Being a stay at home mom is lonely work with even less pay than before and almost no recognition or appreciation for the humongous sacrifices that are made. And there are millions of women who would do almost anything to be able to afford to be in my shoes. Or, my slippers in this case. I finally have all the ‘time’ in the world to indulge in my passions and I’ve realized I need a day-job to release enough energy to be able to sit quietly and paint, or write, or read. I need the work before I can relax into the fun. I need to be interacting with the outside world in order to pull what I need from my inside world. I thrive in rapid change, in chaos, in having my intelligence and emotions tested again and again. I love the noise and distraction of working in a fast-paced environment. I crave change the way junkies crave a fix. I NEED to be confused, overwhelmed and frantic. Apparently having a baby, applying for citizenship and moving states in the same year isn’t enough.

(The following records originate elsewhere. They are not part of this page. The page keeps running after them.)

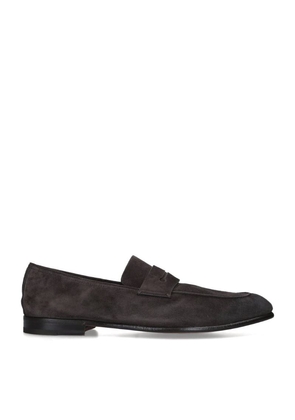 Zegna Suede Asola Loafers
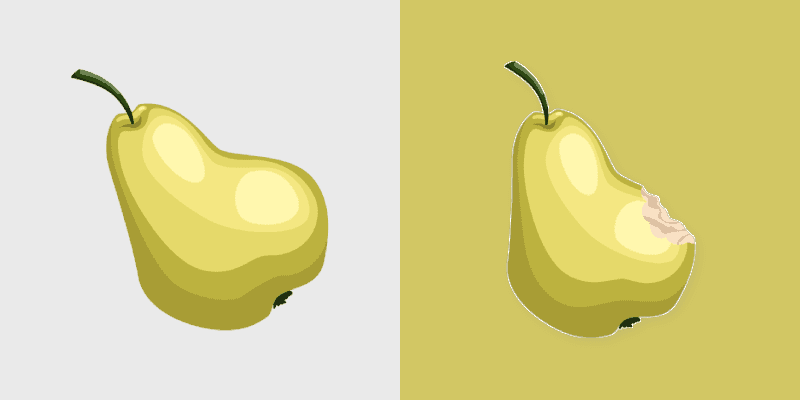 Juicy Pear custom cursor pack preview for Chrome, Edge and Windows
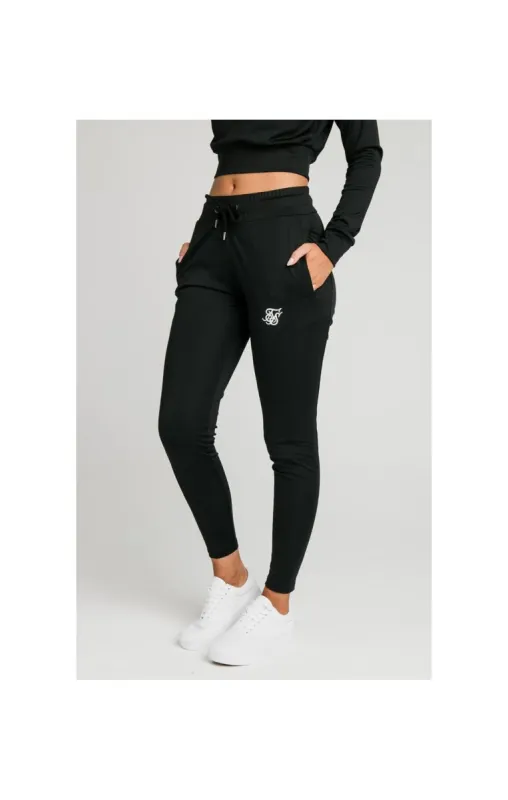 Black Essential Track Pant sold by Siksilk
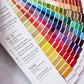 Aurifil threads collection Cotton sewing thread Swatch book - never order the wrong colour again- free Shipping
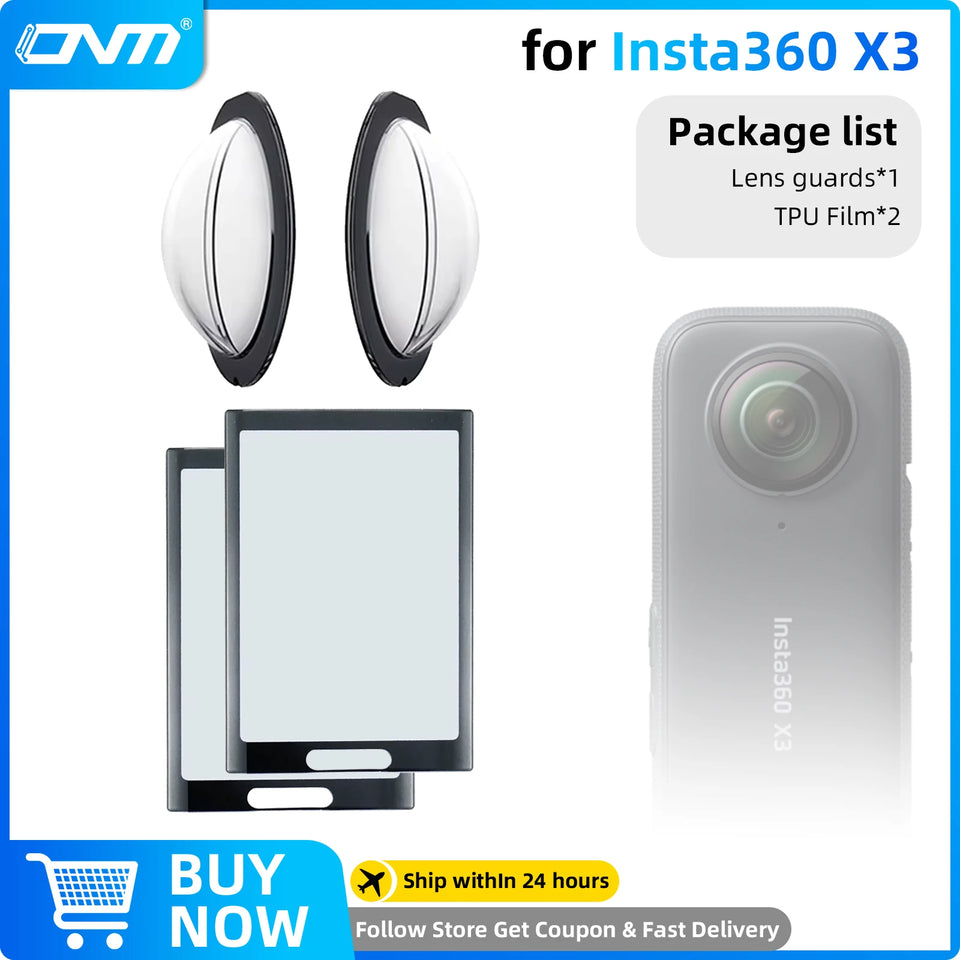 Accessories Set for Insta360 X3 X4 X5 Lens Guard Screen Protector Storage Bag Silicone Case Lens Cap Protective Frame Insta 360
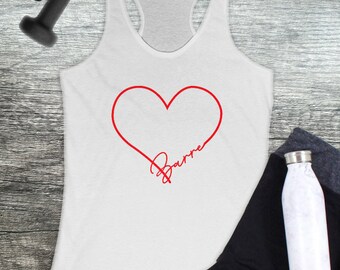 Barre Fitness Liebe Racer Back Tank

I was recently in the company of some amazing women. Women who have packed up their children and followed their husbands thousands of miles away from everything they’ve ever known. Most of these women are working full-time here as well, who have sacrificed more than the close proximity of their friends and family, they’ve sacrificed their own careers. Homes they loved. Schools they felt comfortable sending their children to. Most of them have done this not once but two and three times. These women amaze me. I am now in the company of amazing women – although for me moving countries from Canada to the US is not exactly a culture shock. I’m doing just fine, thank you. I’m using the GPS more, I miss my family and friends, I’m shopping at Safeway instead of Superstore, drinking Dunkin instead of Tim’s. (Ok ok, actually Starbucks…)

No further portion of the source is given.